でも実は、その「先」に天下の扉を開こうとしていた男がいたんです。
その名も、三好長慶(みよし ながよし)。
「誰それ?」と思ったあなたも、きっとこの記事を読み終えたころには、「もっと評価されるべき!」と思っているはず…!
室町幕府の“中枢”を牛耳る
長慶は、戦国時代の真っただ中、摂津(大阪あたり)に生まれました。
彼の家は、将軍の“側近”として知られる細川家の家臣。
その中でも父・三好元長は頭角を現し、政治の中心にグイグイと近づいていきます。
…が、元長は討たれてしまい、家はピンチに!
若き長慶は、「このままでは終われない」と立ち上がります。
なんと10代半ばで家督を継ぎ、関西政界のど真ん中へ飛び込んでいくのです。
若くしてすでに、カリスマの風格があったとか!
将軍を追い出し、天下を実質掌握!
長慶がすごいのはここから。
なんと、当時の将軍・足利義輝を京都から追放してしまいます!
「え?将軍を追い出すなんて、そんなことできるの!?」
…はい、やっちゃったんです。
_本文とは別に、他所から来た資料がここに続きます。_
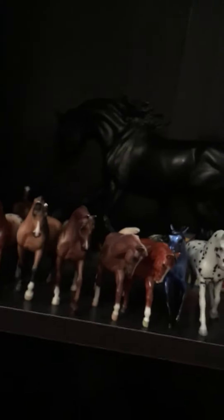And then up here we just have all of my stablemates. And then in the way back we have Rhapsody Black. And then we have some foals that fell down right there. But we have Rhapsody Black.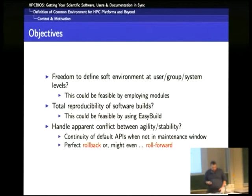So the objectives are: first of all, to define the software environment at different levels — at the level of the system, which is what most sysadmins and users care about; at the level of the group, because users collaborate in projects and often have common needs and don't want to build a particular version of a tool ten times for ten users; and then at the level of the individual user. That is feasible by employing modules, because modules allow you to have the MODULEPATH variable with many components. Currently, what we have in production in Luxembourg works relatively well using the combination of system and group levels.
しかも堂々と。
事実上、室町幕府の権威を超えて、関西一帯を掌握。
これ、実は織田信長が天下を取る20年も前の話。
長慶は間違いなく、「天下人」に一番近づいた最初の戦国大名だったんです。
部下も名将ぞろい、三好一族のスター集団
長慶の周りには、優秀な親族や家臣がズラリ。
「三好三人衆」「松永久秀」「三好実休」など、クセは強いが有能な武将が多数!
でも…そんなスター集団、うまくいくことばかりじゃありません。
家中は次第にギスギスし、謀略と裏切りが続出。
実の弟も戦死するなど、家族や仲間の喪失が長慶を次第に蝕んでいきます。
天下を目前にしながら、静かに幕を下ろす
勢いに乗っていた三好政権でしたが、内部の不協和音や、将軍側の反撃もあり、徐々に失速。
長慶は病に倒れ、1564年、43歳の若さでこの世を去ります。
彼の死後、三好家は一気に崩壊し、信長の時代へと突入していくのです。
おわりに:時代が早すぎた、もう一人の「天下人」
三好長慶は、後の戦国大名たちに先駆けて、“実力で国を治める”という時代を切り拓いた人物。
でも、その野望は時代に飲まれ、次代の波に埋もれてしまいました。
だけど、忘れないでください。
信長も、秀吉も、家康も歩いた“天下への道”――
その最初の一歩を踏み出したのは、三好長慶だったんです。